Cultural Syncretism: Bhakti Movement in India Notes 11th History for Tnpsc exam

11th History Lesson 8 Notes in English

8. Cultural Syncretism: Bhakti Movement in India

Introduction

 Like all cultural traditions, religion too does not exist in isolation. It adapts to existing situations and meets both social and spiritual needs of the people.
 As a country with a long history, religion in India developed by interacting with various traditions.
 Vedic religion, which came with the advent of Aryan speaking peoples to India, absorbed many elements from the Indus civilization.
 Mother goddess worship had its origins in Harappa.
 Similarly an image found in the Indus script has been identified as that of Siva.
 The prime Vedic gods were Indra, Varuna, Agni, etc. and it was only later that the worship of Siva and Vishnu developed.
 In the mid-first millennium before the Common Era (B.C.) two great religions emerged in the Indo-Gangetic valley

Bhakthi Movement spread all over India

 Buddhism and Jainism (apart from other heterodox religions such as Ajivika) which challenged the orthodox Vedic religious practices.
 Similarly, in the mid-first millennium of the Common Era, in the southern country, a great religious tradition flourished in the form of a devotional or bhakti movement.
 Bhakti as a religious concept means devotional surrender to a supreme god for attaining salvation.
 Even though texts such as the Bhagavad Gita talk about the path of bhakti, or bhaktimarga, the movement gained force only in this period.
 Historians argue that this emerged in opposition to the ethical, fatalistic and atheistic traditions of Jainism and Buddhism.
 Vedic theism incorporated certain features from both.
 While Adi Sankara provided Hinduism with a philosophic doctrine of Advaita to counter the heterodox religions it remained at the intellectual level.
 It was the great Saiva Nayanmar and Azhwars, with their moving verses, gave form to the Bhakti doctrine and Cultural Syncretism: won the support of the people.
 Historians refer to this as the Bhakti movement. This movement, supported by the ruling kings, made a deep and lasting impact on all aspects: social, political, religious, cultural and linguistic.
 Thus south India became the home of religious renaissance from the 7th to the 10th century.
 With theologians like Ramanujar it turned into a philosophical and ideological movement in the eleventh century.
 Inspired by many poet-saints the bhakti cult became widespread from 14th century in the whole of India.
 We analyze here the general features of the bhakti movement, its main proponents, the two different trends of the movement and its impact on social and cultural life of the people.

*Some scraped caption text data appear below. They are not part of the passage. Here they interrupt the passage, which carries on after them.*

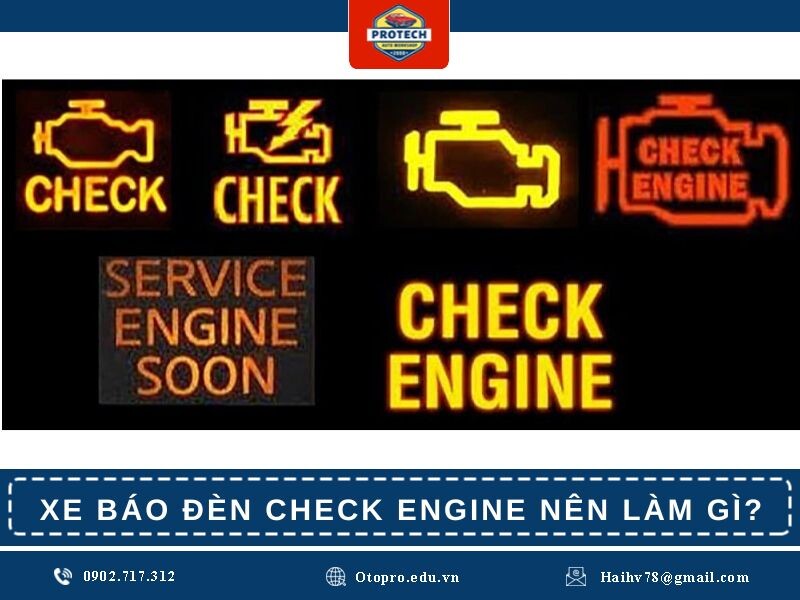 Xe báo đèn Check Engine nên làm gì?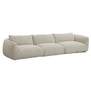 Ridge 3-seater Sofa module 1 + 3 + 2, Silenzio 02 cream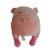Sleeping Pig Plush Pillow with Blanket | Velvet Bolster Novelty Decorative Pillow | 16 Inches Perspective: back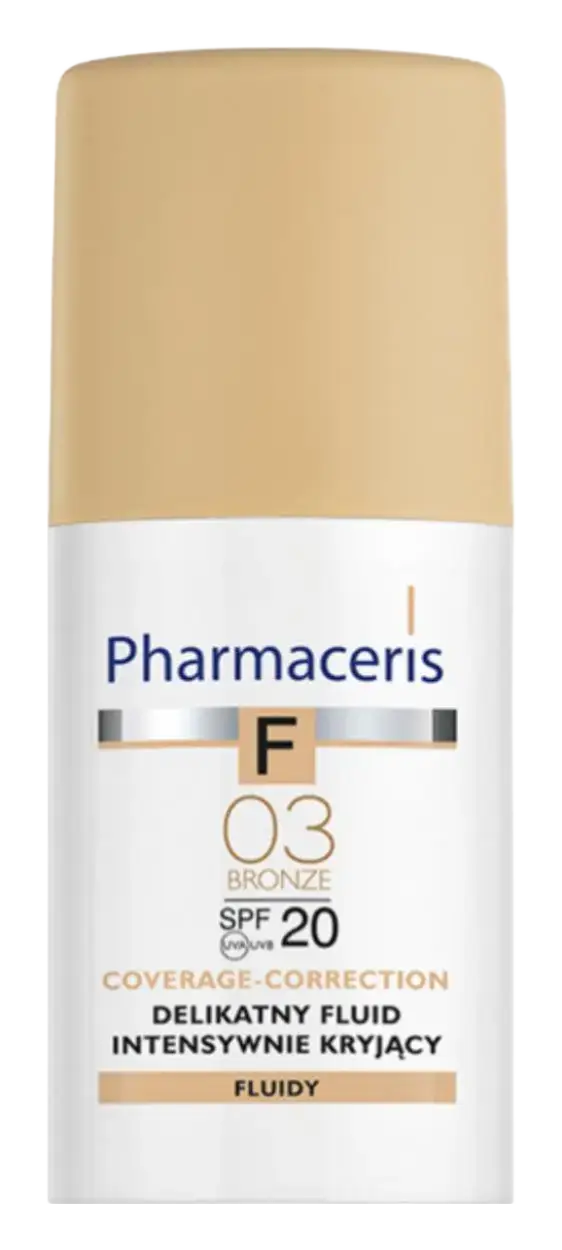 Pharmaceris Coverage Correction Fluidy SPF 20 03 Bronze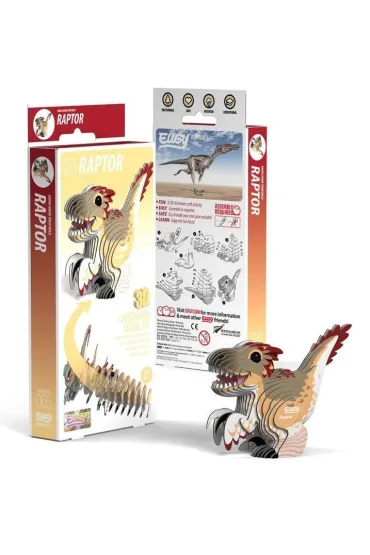 Puzzle Dinozaur Raptor Eugy. Eko Uk�adanka 3D Qelements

Bhakti Movement in the South

 The transformation of a tribal society into a well structured social order and the emergence of a powerful monarchical system of governance necessitated patronizing one religion or the other to legitimize authority.
 Buddhism and Jainism were predominantly patronized by the merchant class and they were also supported by the state.
 The Bhakti movement originated among the landholding castes, and it was critical of Buddhists and Jains.
 This also led to a fight for royal patronage.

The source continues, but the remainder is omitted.